TLDR: I expect much more downside from here before a sizable rally up, but we’ll see what happens.

So on the hourly, we’re in a descending wedge which is bullish so we could have a bounce incoming soon. But The biggest thing that I’m seeing is that RSI and MACD aren’t in massive oversold territories and we broke the purple trend line and everytime we broke it since 2018, it led to massive moves without a pullback.

The daily candle shows a follow through bearish which makes me think that we’re gonna have more downside, esp with us having a solid close red. MACD crossed over as well which has led to sizable pullbacks.

Now on the weekly chart, the purple line connects a lot of the tops and bottoms since 2018. It’s a major trendline that I’ve been following for a while now and it’s been great.

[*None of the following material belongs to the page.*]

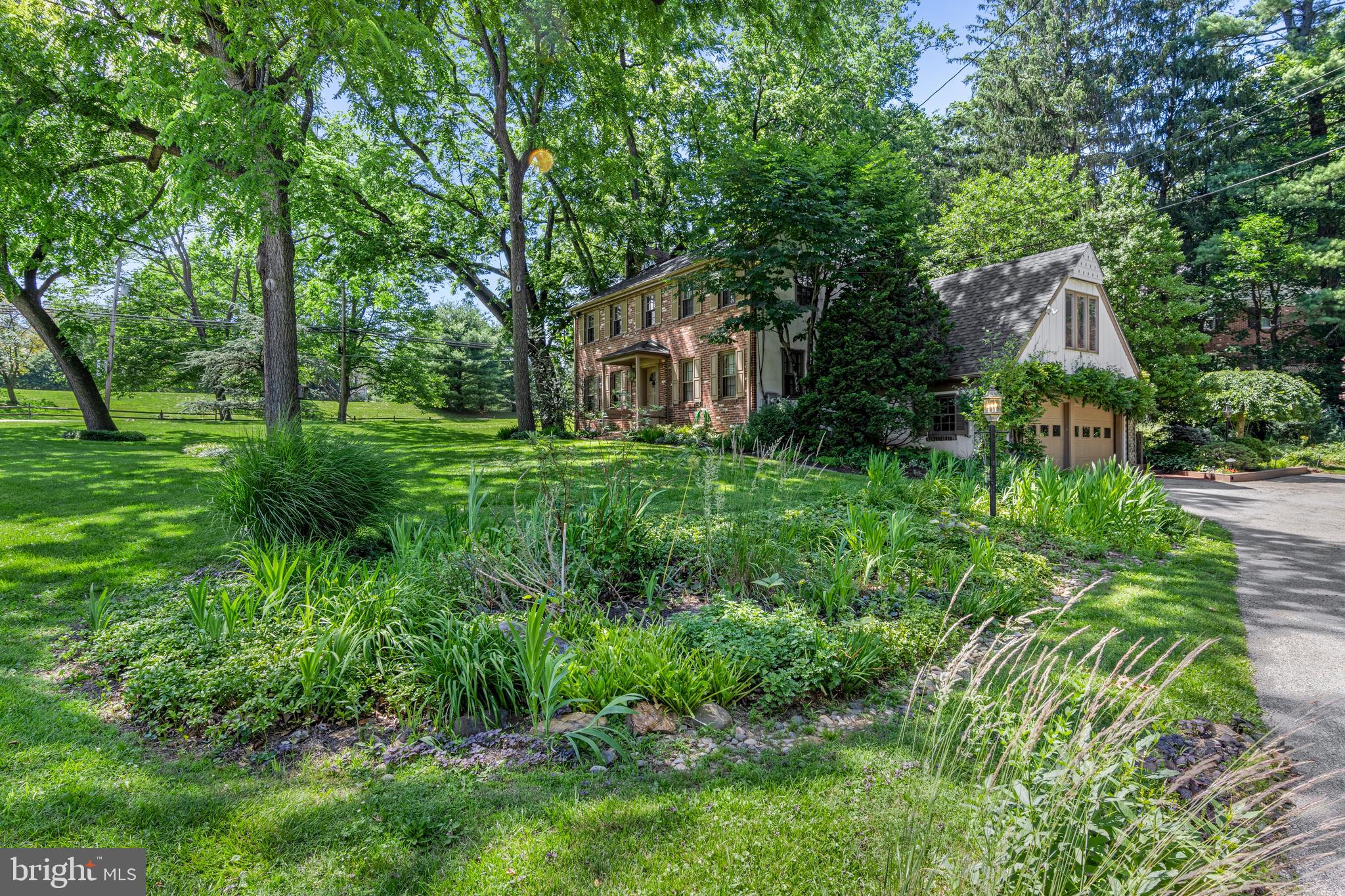 931 Hollow Road Wayne, PA 19087 - Photo 36 of 41 a backyard of a house with plants and large trees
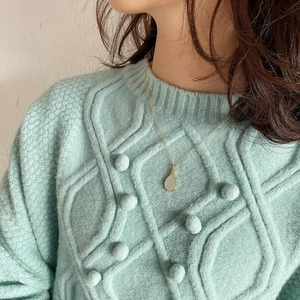 Elegant gold-plated water drop pendant necklace with white shell on mint sweater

So let me give some examples here. When we broke above the trendline, even though we went sideways for a bit, we ended up heading much higher in a melt up move even though the RSI was in the overbought territory without a pullback. When we broke below, we were in an oversold territory, but we still melted down heavily without a pullback. Then we rallied up to the trendline before rejecting and going back down.

Now some other instances. We broke below in a near oversold territory, consolidated and then went a lot lower. We did have a rally up and broke above the trendline for a brief moment, but it ended up into nothing which I’m gonna put as an outlier. Then the next instance is when we broke above while being very overbought. We ended up heading a good amount higher and bouncing off the trendline a good amount testing the highs multiple times while overbought. Then when we broke below, we were oversold, yet we headed a lot lower without a pullback.

Overall, I’m seeing that this trendline break has continuously led to big moves without pullbacks and I’m willing to bet it does it again given the Powell hawkish statements and OPEX over. I’m gonna wait for the first hourly candle to close tomorrow and see if this isn’t just a false breakdown and then gonna enter swing puts to bet on more downside. How much more lower? Fuck should I know I’m not a psychic. But I’m betting on 1.25-1.6% more down looking at the consolidation level on the hourly and the next gap fill.

But one thing to keep in mind is that the equal weight SPX had a good green day, maybe signaling a rally soon, but divergences with this can last a fuck long time so just a caution.

Junk bonds also had a green day, maybe warning of a rally, but given how much lower we went on junk bonds, I’m gonna still bet on more downside longer term. But good to keep in mind that we’re probably not gonna go down another 3% from here.

Another reason why I’m expecting more downside even if we have a rally is that the smart money flow is massively bearish. Everytime this has happened, we had a big move down.

Overall, I am expecting more downside and expect a countertrend rally afterwards, then more downside to fill the gaps below. Then maybe we continue the melt up or prove that this was just a bear market rally and we head into poverty and eating crickets. Good luck all.


Damn inverse Yong really is undefeated. We’ll see if Powell comes in hawkish as shit tomorrow.

On the hourly, we filled the first gap and very close to filling the yellow gap. I was looking for the gap fills and I think we’re going to fill the yellow and then maybe get shit down to continue the downtrend as RSI and MACD aren’t looking that strong even with the strong rally today.

On the daily, we had a big fuck you fake breakout of my purple trendline so fuck you bulls. But we’ll see if this is the lower high set up before we get fucked over. Powell is talking tomorrow so maybe he shits the markets or gets us to rally hard because money printer and all.

Now one thing that makes me cautious about this being the end of the day is that junk bonds and equal weight rallied hard today. This shows inner strength within markets which I don’t really want to see as a bear. So there’s a good chance that we probably have a green day tomorrow as well, but this is just astrology for crayon eating retards so Powell could just shit us down.

Overall, I think if Powell is neutral or dovish, we’ll continue to head higher to fill gaps, but if he’s hawkish, we’re gonna turn back around and start drilling new assholes.